DOE:

With academics in top slots, some see need for D.C. experience

President Obama tapped another heavily credentialed academic for a top Energy Department slot yesterday, prompting speculation that the vacant DOE deputy secretary's post -- the department's No. 2 slot -- might go to an experienced Washington hand.

The White House announced Obama's intention to nominate Kristina Johnson to the undersecretary position, where she will oversee renewable energy and efficiency programs, as well as coal and nuclear energy programs.

Johnson, an electrical engineer, is provost and senior vice president for academic affairs of Johns Hopkins University and before that was dean of Duke University's Pratt School of Engineering from 1999 until 2007.

Johnson is the second academic pulled in from beyond the Washington power structure.

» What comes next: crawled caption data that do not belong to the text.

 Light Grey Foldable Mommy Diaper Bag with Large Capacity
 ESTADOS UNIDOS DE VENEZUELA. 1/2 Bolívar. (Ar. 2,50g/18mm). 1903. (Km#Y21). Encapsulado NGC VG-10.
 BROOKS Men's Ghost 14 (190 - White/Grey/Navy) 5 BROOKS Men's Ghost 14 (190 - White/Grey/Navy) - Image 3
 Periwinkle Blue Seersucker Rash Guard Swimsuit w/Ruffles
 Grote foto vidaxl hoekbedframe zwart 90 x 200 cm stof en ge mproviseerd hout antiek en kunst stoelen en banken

Energy Secretary Steven Chu, a Nobel Prize-winning physicist, had been the director of DOE's Lawrence Berkeley National Laboratory and before that was on the Stanford University faculty.

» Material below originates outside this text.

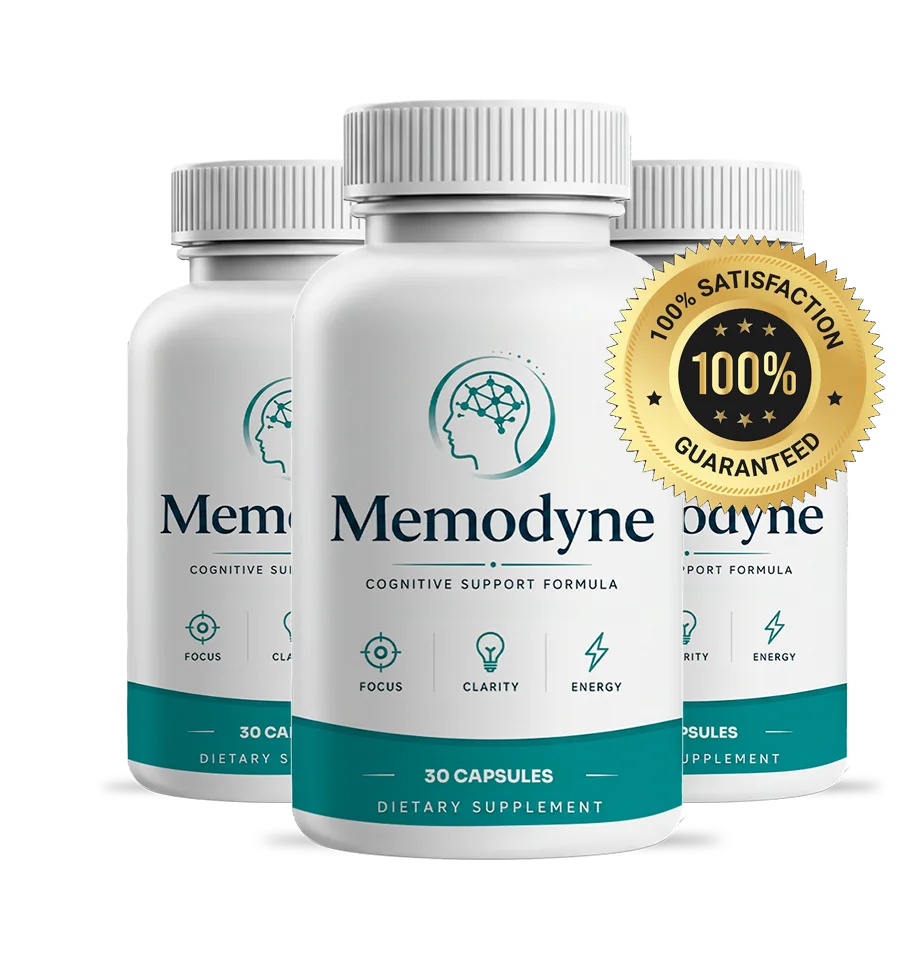 Memodyne bottles with 100% satisfaction guarantee seal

In contrast, President George W. Bush stayed inside the Beltway to find his first DOE secretary, Sen. Spencer Abraham (R-Mich.), who had just lost a re-election bid to Democrat Debbie Stabenow. Bush's second Energy secretary was Samuel Bodman, a high-ranking Treasury Department and Commerce Department official, although Bodman was also a chemical engineer with experience in academia and business before coming to Washington.

Obama's choice to look beyond Washington for DOE is being praised.

Robert Alvarez, who was a senior policy adviser at DOE from 1993 to 1999, said Johnson's lack of Washington experience could be helpful. "You are coming in without certain suppositions about the way things should be," said Alvarez, who is now at the Institute for Policy Studies, a left-leaning think tank in Washington.

He added, "One of the problems with DOE is that it is an insular society. It almost becomes an echo chamber. It is good to have outside people come in who are not part of that dynamic, who are independent thinkers and can be forceful managers." Johnson's predecessor was a longtime Capitol Hill aide before joining DOE.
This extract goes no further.